I am not certain if this could be answered in any definitive manner. I think a case can be made that each branch in its own right is extremely powerful. I would say that the power to determine constitutionality is a powerful element and one that rests solely in the power of the judicial branch. The fact that no other branch can determine this is what makes, in my mind, the judicial branch so powerful. With one determination, acts of Congress and actions of the President can be nullified in the assertion of not following the letter or spirit of the Constitution. I would constitute this as power, and something that only the Judicial branch possesses. Yet, I would say that a case can be made for all of the branches for being "most powerful," the essence of what the Framers' must have intended.

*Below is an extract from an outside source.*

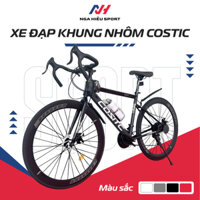 Xe đạp tay cong costic, xe đạp đua khung nhôm siêu nhẹ sơn tĩnh điện chống rỉ sét với bộ đề A2 linh hoạt chuyển đổi .
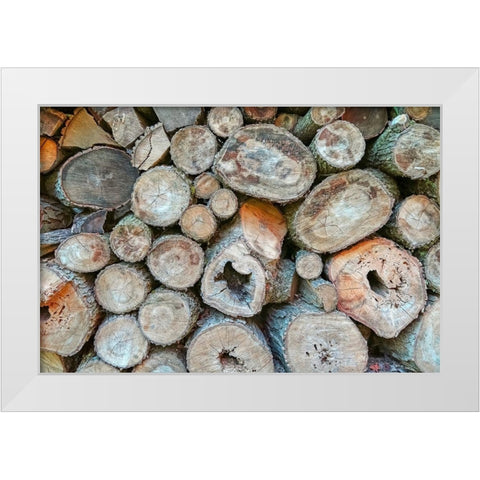 Woodpile White Modern Wood Framed Art Print by Ryan, Brooke T.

A matter of opinion, I suppose. I could argue the Executive Branch because the power is concentrated in the hands on one person, and they control the military. I could argue the Legislative Branch, since they have the power of the purse - the power to write the checks which would fund the military or anything else. I could also say the Supreme Court, since it has the final say on all challenged laws, there is no higher word, their appointments are lifetime and they are insulated from elections.
So take your pick! :-)
You can make an argument for any of them, but I'm going to go with the Presidency or executive branch. Here's why:
Congress has a lot of power. In fact, it has all the power to make laws. So you would think they have the most power.
But in our current system, with the power of the media and all, the President has the most power. He is the one person that just about everyone in the country recognizes. When he talks, the TV stations cover his speeches and pay attention to what he says.
This means that the President, more than anyone else, can decide what issues are going to be on the agenda. In addition, he has more of an ability than anyone else to get people to pay attention and listen to his point of view.